→ SOURCE MATERIAL
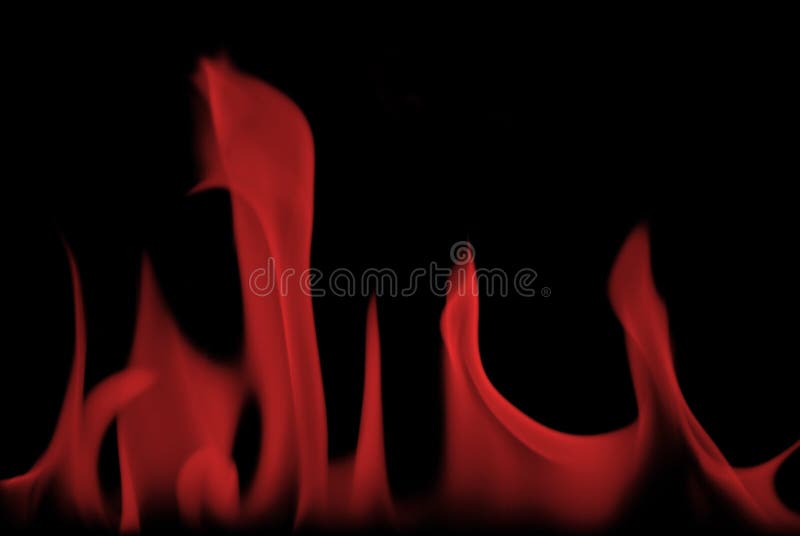 Red flames stock image. Image of flaming, energy, burning 7521083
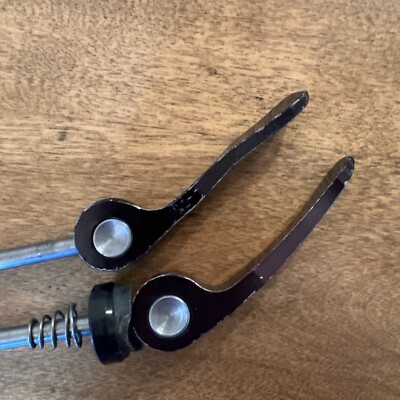 Brochette en titane Ti QR pour vélos de montagne, levier de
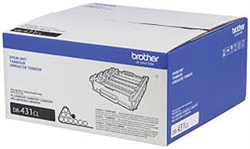 Brother DR431CL ( DR-431CL ) OEM Black and Colour Drum Unit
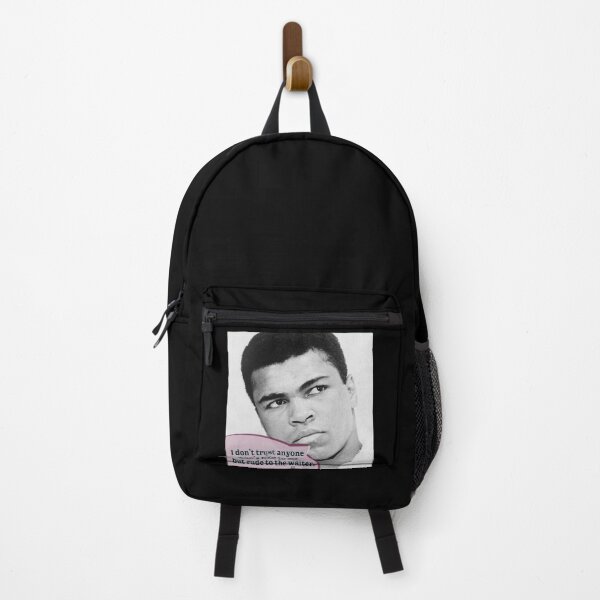 Item preview, Ali: I don't trust anyone who's nice to me but not to the waiter. designed and sold by AMGImpressions.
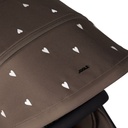 Joolz x Studio Noos | Wandelwagen Day5 Silver Hearts Bundle Hazel Brown Ltd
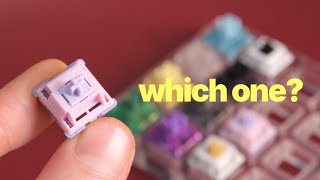 All Akko Switches Reviewed amp Ranked 2023 [upl. by Siseneg]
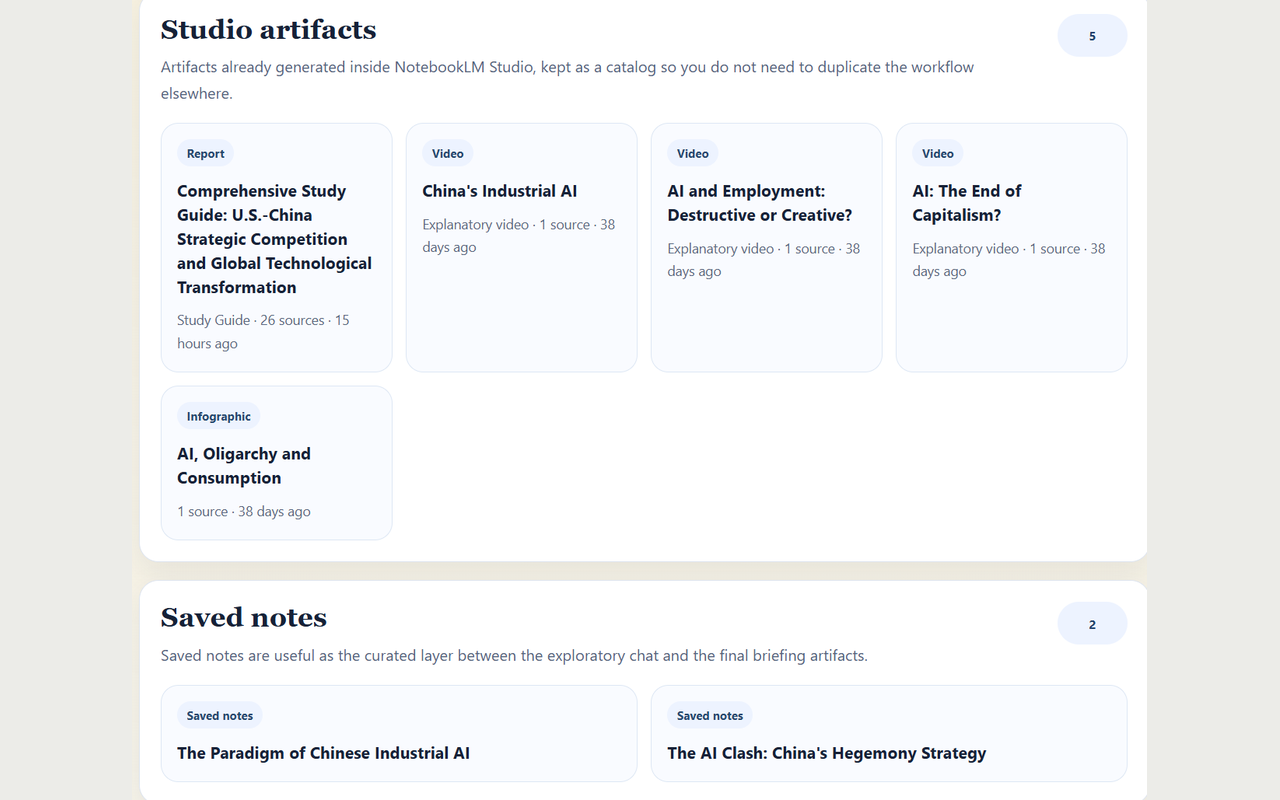 NBLM Toolkit for NotebookLM - 截图 4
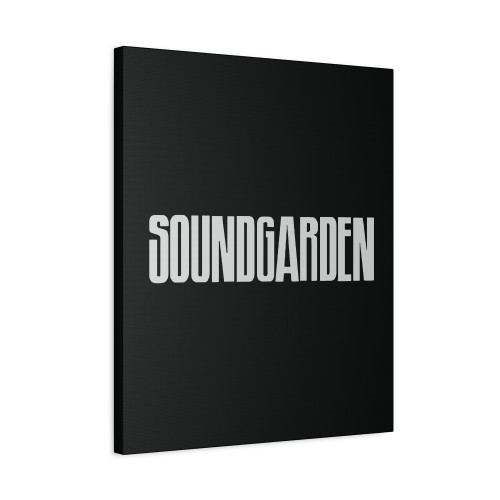 Soundgarden Logo Canvas Print Poster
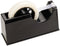 Officemate Heavy Duty Tape Dispenser, 2-in-1 for 1-Inch and 3-Inch Core, Black (96699)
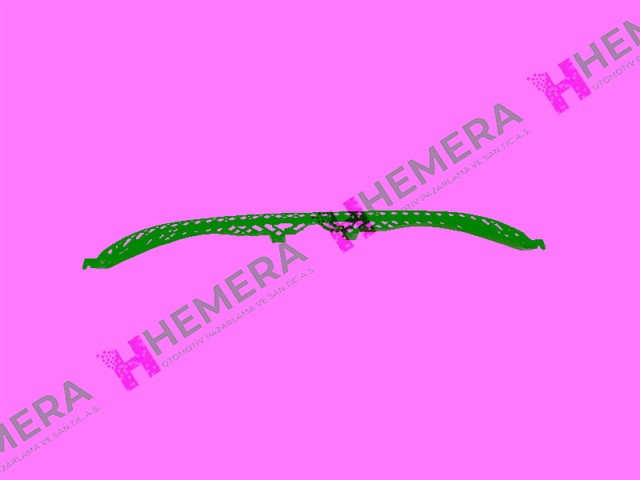 BRAKET TAMPON ON ORTA VW PASSAT 2015 - 2019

→ REQUIRED ACTION
Retype the lines from the one containing "Brochette en titane" down to the last line of the records, both included, exactly and nothing more. Pictures stay out.

→ EXERCISE SOLUTION
 Brochette en titane Ti QR pour vélos de montagne, levier de
 Brother DR431CL ( DR-431CL ) OEM Black and Colour Drum Unit
 Item preview, Ali: I don't trust anyone who's nice to me but not to the waiter. designed and sold by AMGImpressions.
 Joolz x Studio Noos | Wandelwagen Day5 Silver Hearts Bundle Hazel Brown Ltd
 All Akko Switches Reviewed amp Ranked 2023 [upl. by Siseneg]
 NBLM Toolkit for NotebookLM - 截图 4
 Soundgarden Logo Canvas Print Poster
 Officemate Heavy Duty Tape Dispenser, 2-in-1 for 1-Inch and 3-Inch Core, Black (96699)
 BRAKET TAMPON ON ORTA VW PASSAT 2015 - 2019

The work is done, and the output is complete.